Other indications of success come in such moments as the announcement, “I have charts; I have graphs” as a participant seeks to reassure us all that the interdisciplinary ambitions of the project have informed a very useful consideration of a topic others might have passed by had they chanced upon it in some other capacity. The bibliographies generated by the previous MPP gatherings demonstrate exactly how much the value of these events is that we each individually have the opportunity to encounter and then make constructive use of ideas and discussions. We hope the Halifax Bibliography further promotes such reading and writing.
One struggle throughout the history of MPP has been how to generate work that is genuinely interdisciplinary, that is, work that considers material from a variety of social, economic, and cultural sources and examines them as expressions of a debate that was itself at times ill-defined and confusing, rather than explaining one discipline’s way of approaching a question to participants from a different background.
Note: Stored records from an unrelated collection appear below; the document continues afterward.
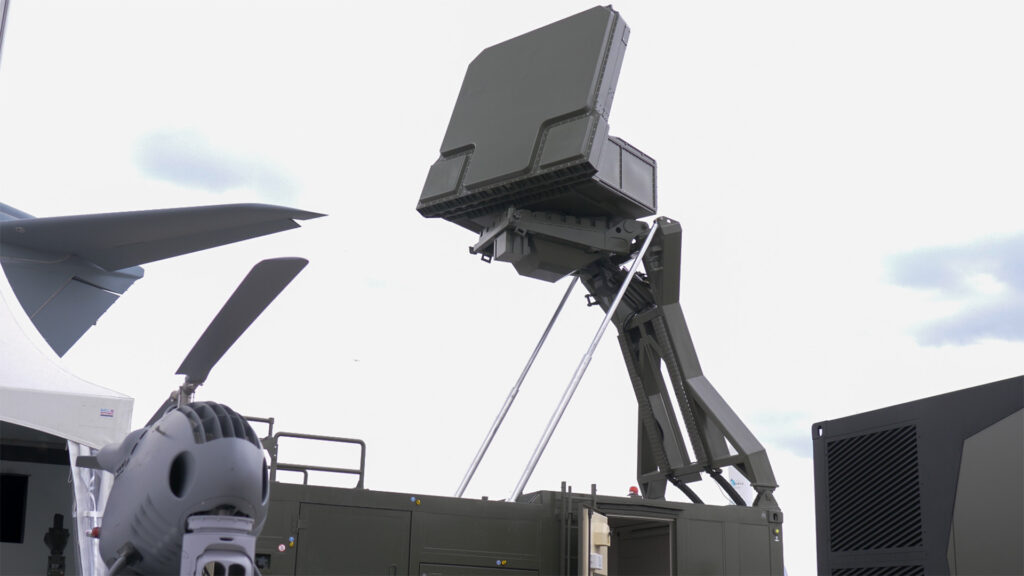 Un radar 200 MM/A présent au salon du Bourget. // Source : Numerama Un radar 200 MM/A présent au salon du Bourget. // Source : Numerama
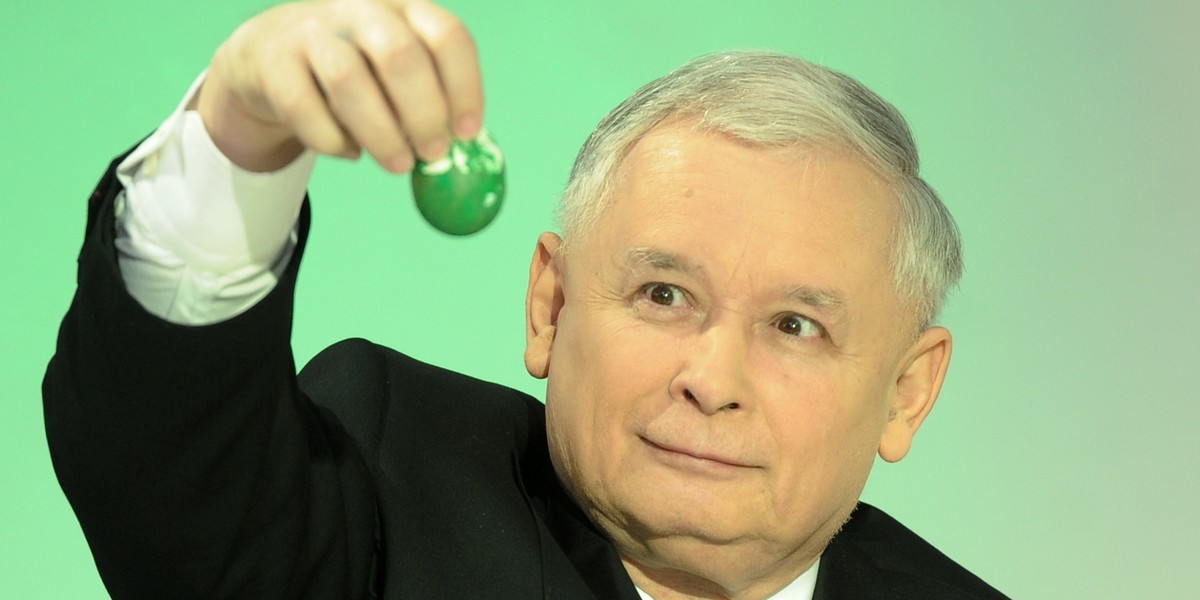 Kaczyński maluje jajka.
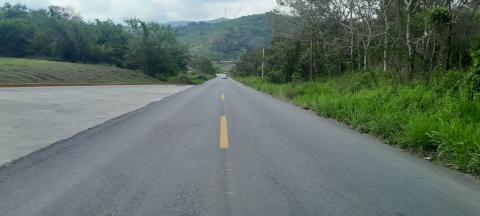 Transportistas alistan bloqueos por pésimas carreteras en Veracruz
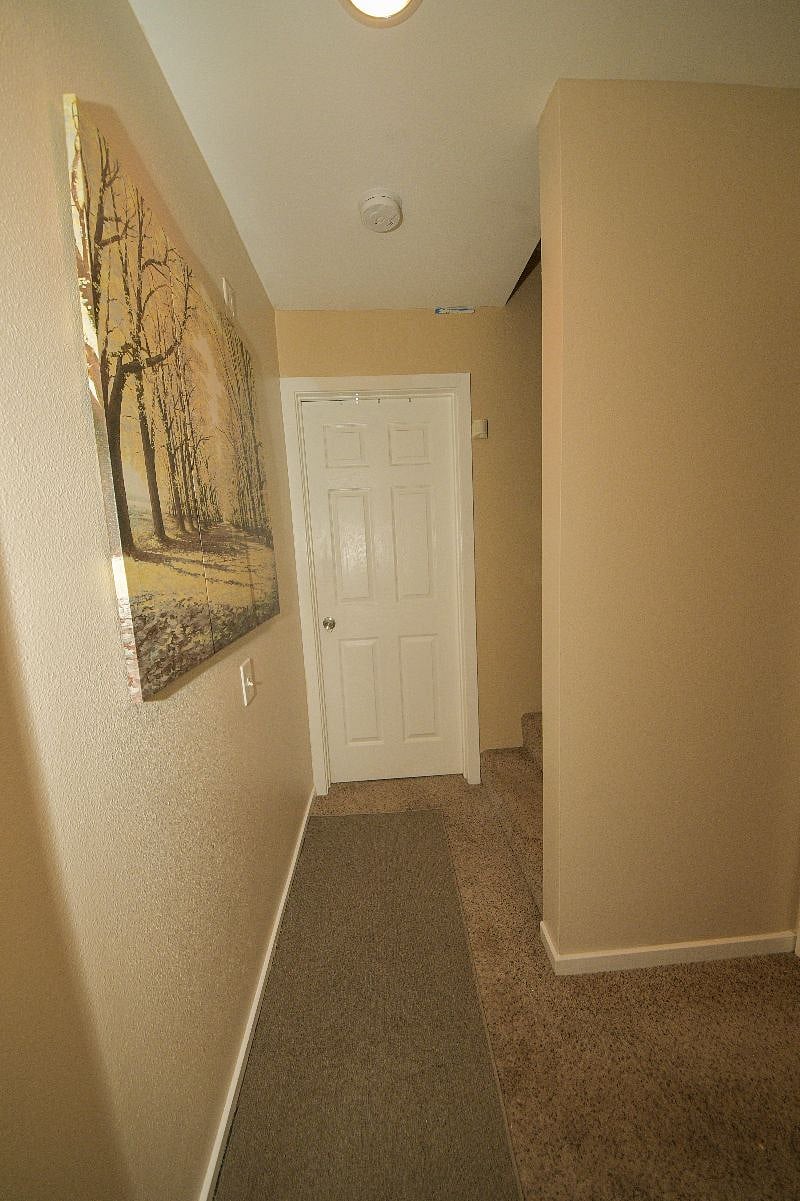 Hall way separate between the 2 bedrooms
That said, if we look back on what we have accomplished so far it’s not insubstantial, and later this year we’ll be posting to the web site a bibliography of works by participants published since their first involvement with the group. We think you’ll be impressed, and perhaps a little surprised, by the quality and variety of the work.
Money, Power, and Print continues to introduce participants to ideas, concepts, and source material they might well otherwise have failed either to find or to appreciate. The degree to which that goal has been met will be put to the test in Leuven, Belgium, in 2014 at what was once the Irish College, when the three co-conveners of “Money, Power, and Print: Interdisciplinary Studies on the Financial Revolution in the British Isles, 1688-1776” do something they haven’t done since we first met in Regina and bring their own, very varied, work to the table. In part, we hope to demonstrate what we have learned since Regina, and in part we hope to demonstrate more clearly exactly what we had in mind when we first met in Regina.
MPP has turned out to be a worthy undertaking. It is our hope that the tenth anniversary gathering in Leuven will help move the project forward without us losing any of the collegiality, conviviality, and collaboration. We hope you might consider joining us there.